= Task inputs =
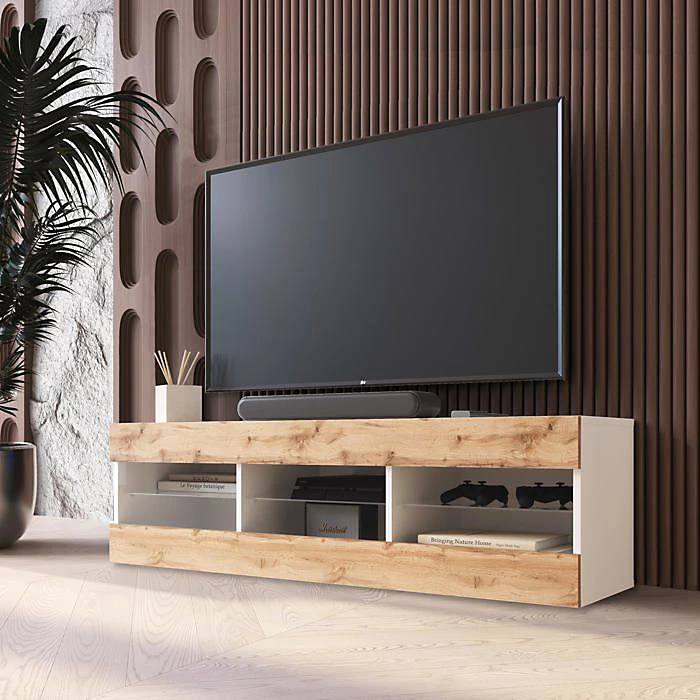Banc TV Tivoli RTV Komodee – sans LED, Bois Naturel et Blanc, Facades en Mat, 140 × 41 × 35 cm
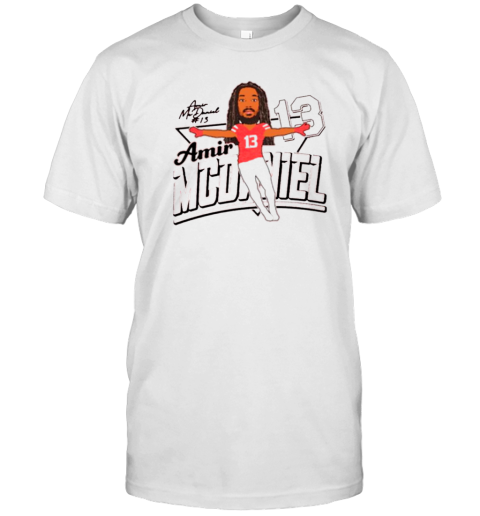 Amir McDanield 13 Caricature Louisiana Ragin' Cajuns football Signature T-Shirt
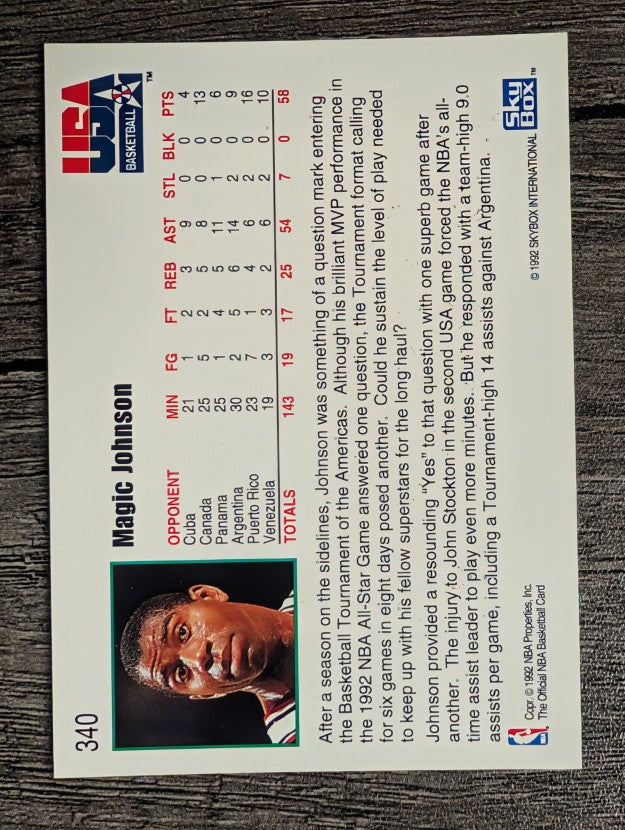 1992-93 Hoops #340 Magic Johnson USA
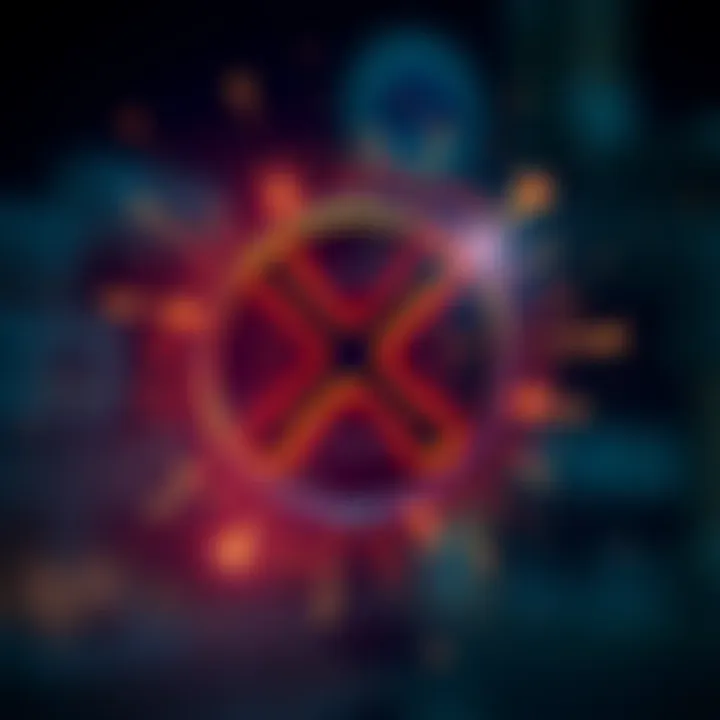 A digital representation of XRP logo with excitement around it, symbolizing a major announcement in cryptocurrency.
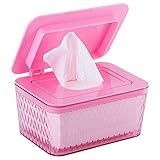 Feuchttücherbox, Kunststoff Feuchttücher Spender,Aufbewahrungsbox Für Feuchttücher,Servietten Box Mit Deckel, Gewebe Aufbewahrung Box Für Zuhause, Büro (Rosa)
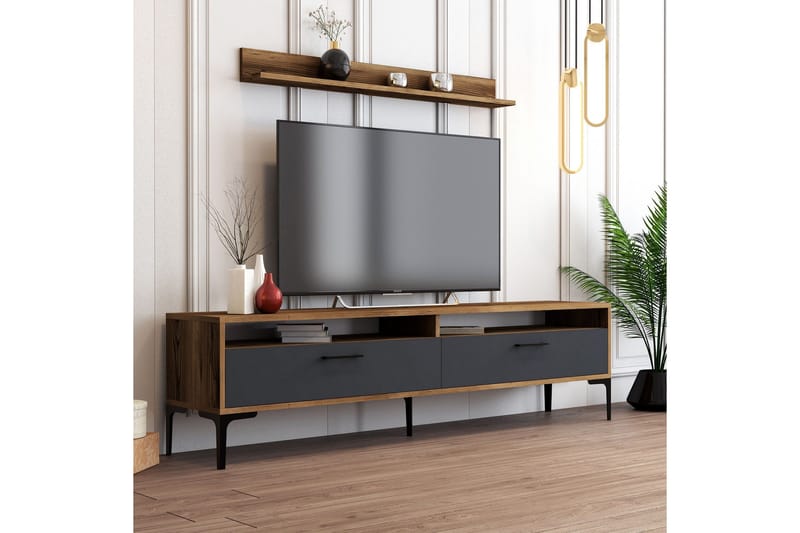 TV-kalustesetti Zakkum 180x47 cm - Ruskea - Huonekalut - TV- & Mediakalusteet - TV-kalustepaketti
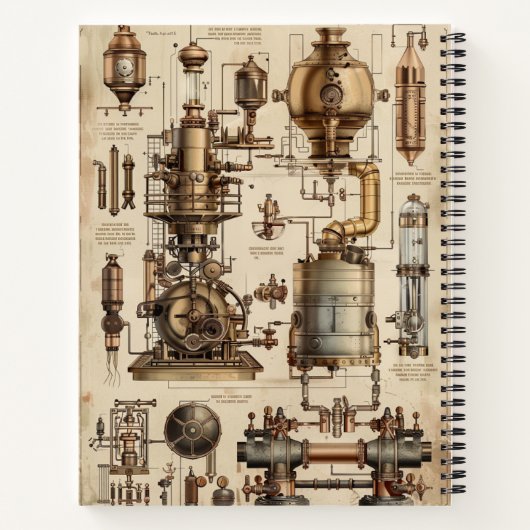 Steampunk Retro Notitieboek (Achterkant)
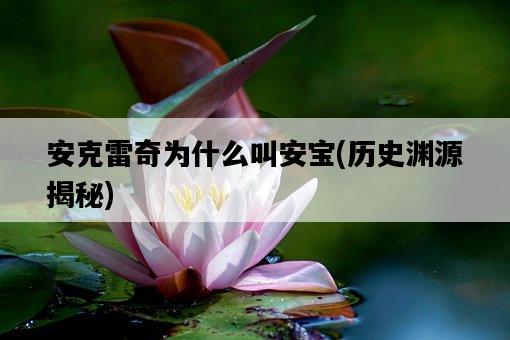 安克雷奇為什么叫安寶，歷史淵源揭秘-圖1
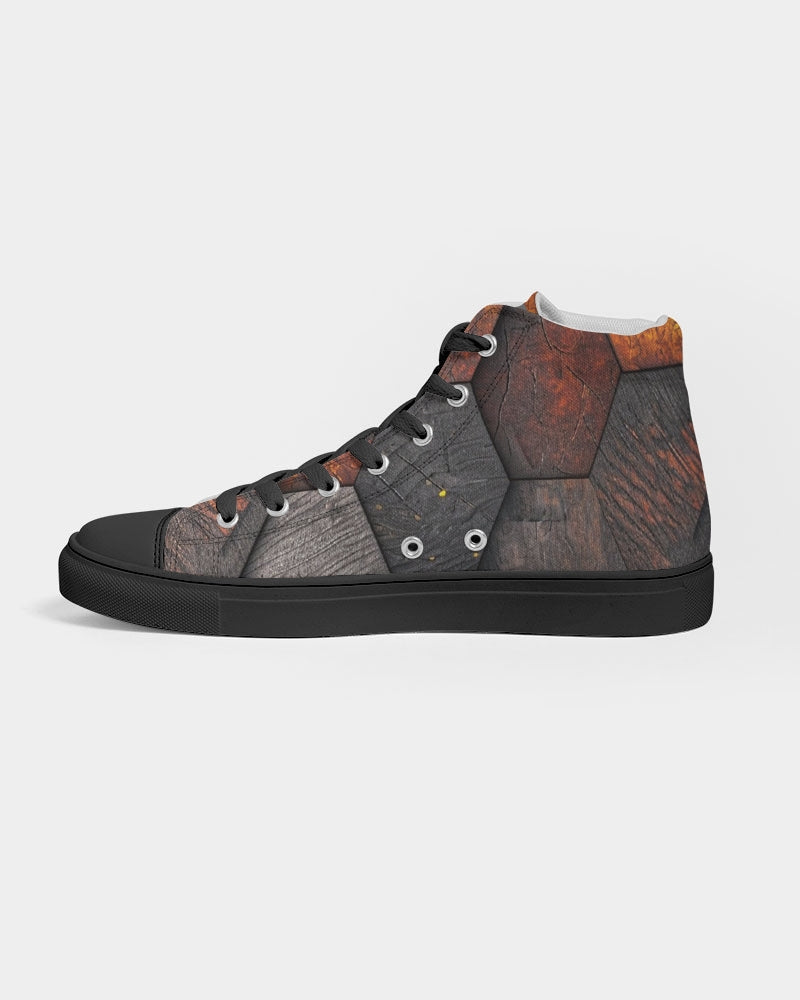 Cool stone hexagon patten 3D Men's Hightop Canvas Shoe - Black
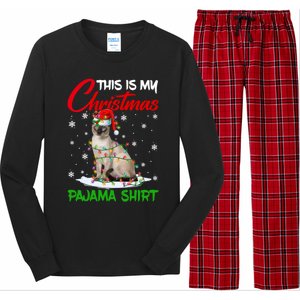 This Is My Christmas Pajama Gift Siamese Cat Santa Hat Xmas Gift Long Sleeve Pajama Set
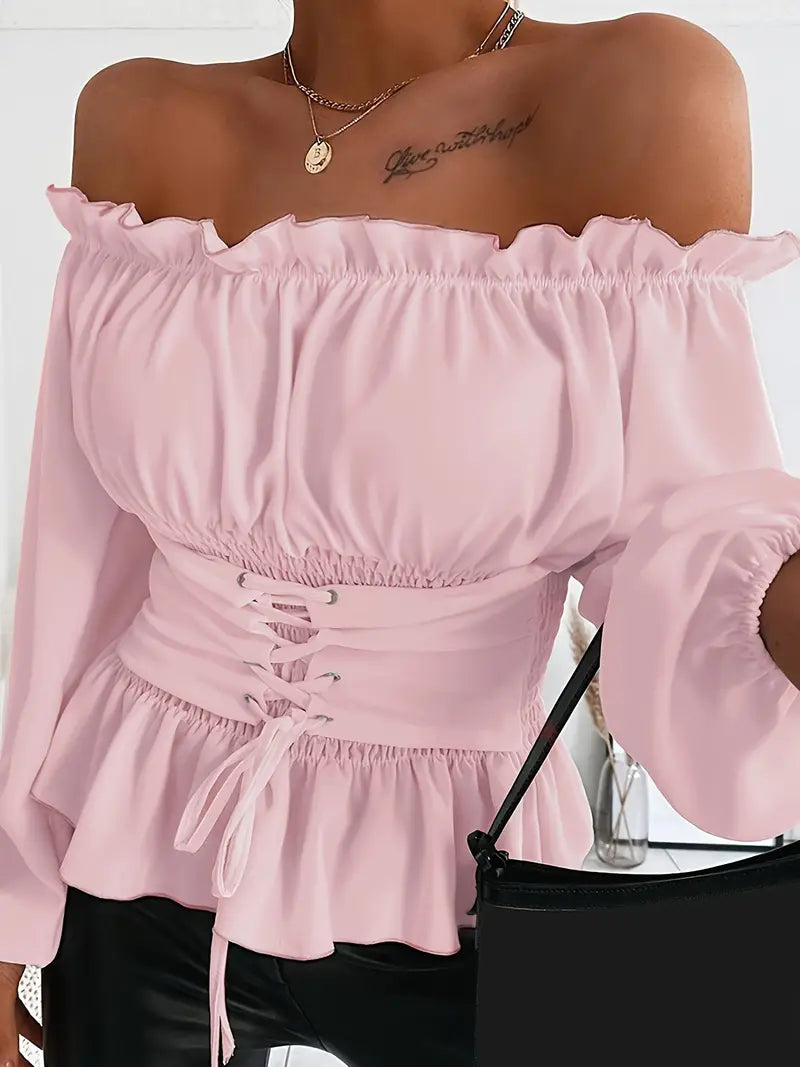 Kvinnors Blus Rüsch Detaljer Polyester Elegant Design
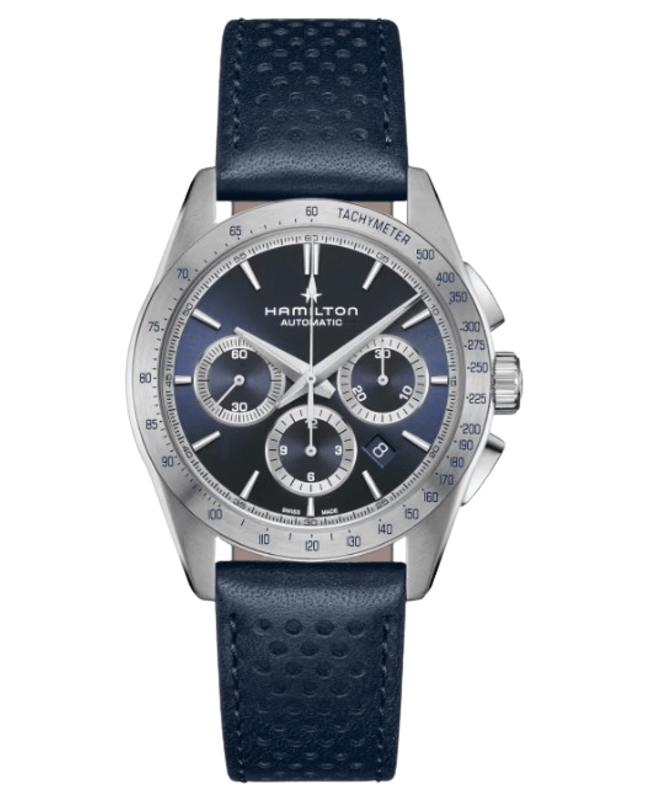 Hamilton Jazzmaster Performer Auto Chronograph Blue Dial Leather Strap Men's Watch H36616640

= Task objective =
The required output is an exact copy of the lines from the one with "A digital representation" through the final line of the data above, with pictures removed.

= Response to the exercise =
 A digital representation of XRP logo with excitement around it, symbolizing a major announcement in cryptocurrency.
 Feuchttücherbox, Kunststoff Feuchttücher Spender,Aufbewahrungsbox Für Feuchttücher,Servietten Box Mit Deckel, Gewebe Aufbewahrung Box Für Zuhause, Büro (Rosa)
 TV-kalustesetti Zakkum 180x47 cm - Ruskea - Huonekalut - TV- & Mediakalusteet - TV-kalustepaketti
 Steampunk Retro Notitieboek (Achterkant)
 安克雷奇為什么叫安寶，歷史淵源揭秘-圖1
 Cool stone hexagon patten 3D Men's Hightop Canvas Shoe - Black
 This Is My Christmas Pajama Gift Siamese Cat Santa Hat Xmas Gift Long Sleeve Pajama Set
 Kvinnors Blus Rüsch Detaljer Polyester Elegant Design
 Hamilton Jazzmaster Performer Auto Chronograph Blue Dial Leather Strap Men's Watch H36616640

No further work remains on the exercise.